Il procedimento del racconto, la
spiegazione di quello che è accaduto prima, ci rivela come Farjeon
fosse un autore della vecchia scuola, quella che aveva preso le mosse da
Sherlock Holmes: in La Valle della Paura, c’è un procedimento analogo.
Vagliando i dati di latitudine e longitudine, Kendall
individua una piccola isola dell’Atlantico del Sud : che sia sulla
buona strada, lo afferma il fatto che anche il naufragio di cui era
stato vittima Fenner era avvenuto da quelle parti. E così l’ispettore,
il giornalista, la nipote di Fenner ed altra gente trovano le prove che
dei naufraghi siano approdati e siano vissuti lì. Trovano addirittura il
diario di uno di loro e ricostruiscono la vicenda di quell naufragio
che è alla base del tutto.
Non diciamo come vada a finire.
Solo che il finale si legge bene, e ha dei ribaltamenti che portano un
po’ di suspence nel romanzo, che altrimenti sarebbe, a mio parere,
prevedibile.
Tutto sommato un romanzo
carino,appesantito da troppe pagine ( superflui mi parrebbero parecchi
dialoghi), non certo un capolavoro, paragonato a “La belva deve morire”

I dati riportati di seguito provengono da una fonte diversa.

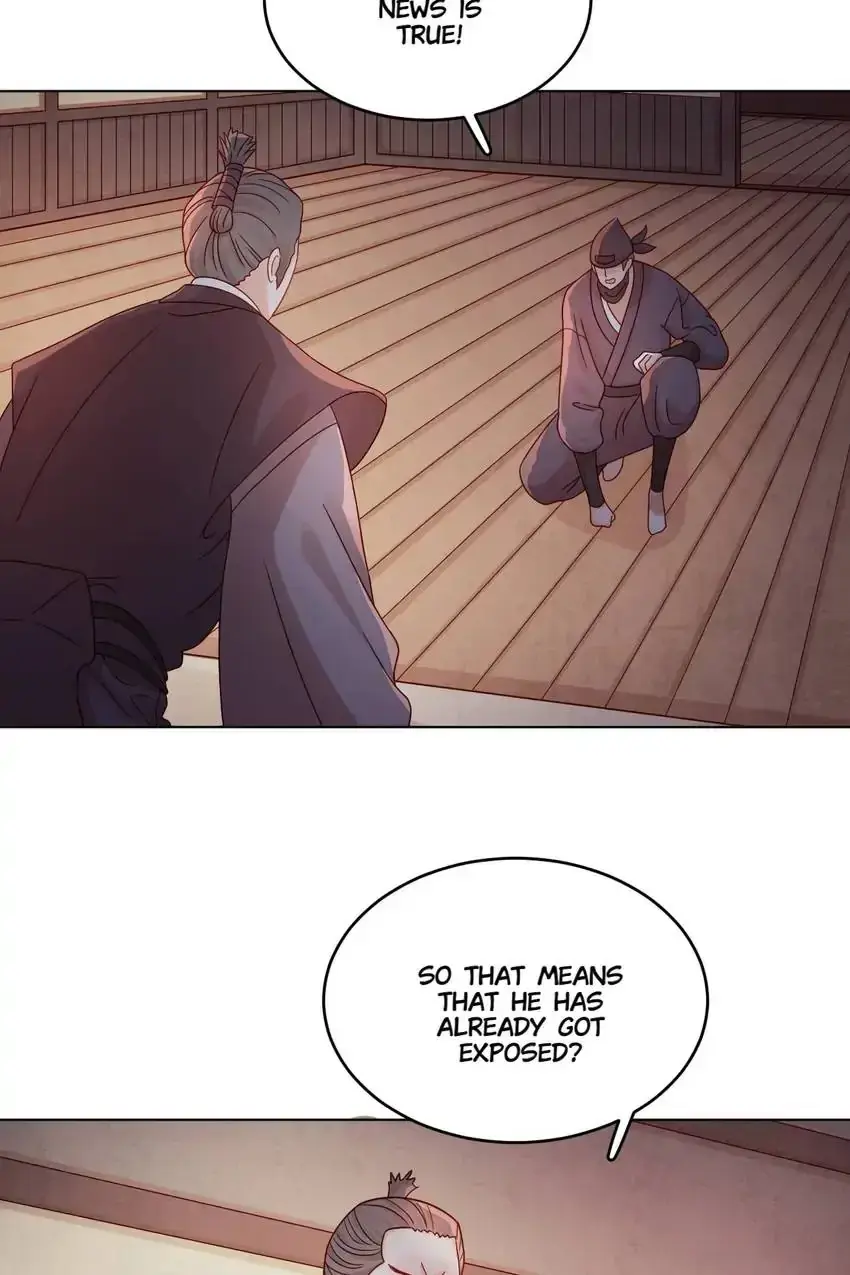 A Song Dwelling In The Clouds: Love Inside The Cage Chapter 49 page 2 - 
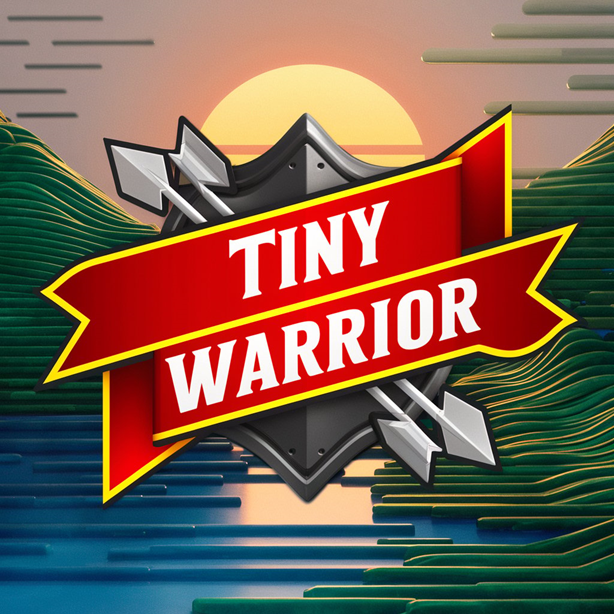 Tiny Warrior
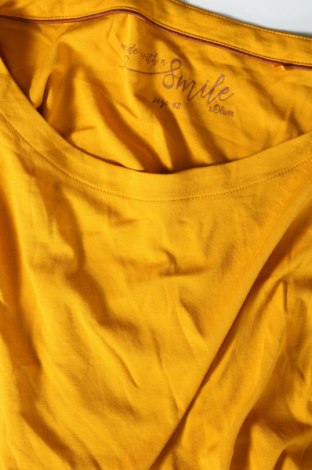 Дамска блуза S.Oliver, Размер L, Цвят Жълт, Цена 34,00 лв.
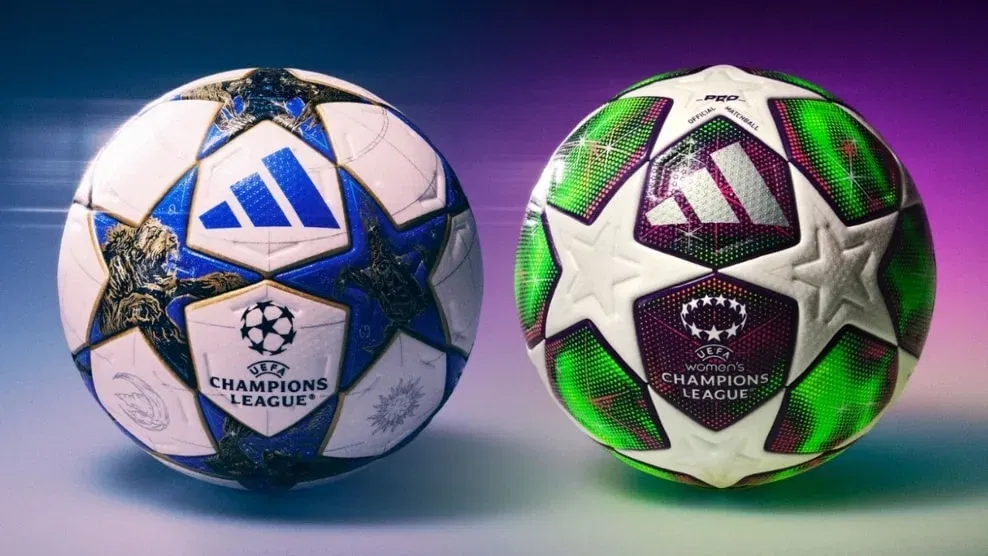 Champions league 2025 26 balls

di Nicholas Blake o a “La rossa mano destra” di Joel T. Rogers, oppure
anche a “La morte cammina per Eastrepps” di Francis Beeding; ma con dei
ribaltamenti finali, che alleggeriscono il tutto e consentono di finire
il romanzo con una rivelazione finale che cambia le carte in tavola, ed un finale tragico (ma solo per l’assassino), molto molto cinematografico.
Pietro De Palma
[1] Può verificare la giustezza delle mie affermazioni, chi consulti Il Dizionario Bibliografico del Giallo,
di Pirani Bibliografica Editrice, strumento indispensabile
all’appassionato e più ancora al collezionista. Io ho potuto consultare
il volume intitolato “Collane e Periodici Gialli in Italia (1895-1999)”:
a pag. 357 sono riportate le indicazioni che ho inserito.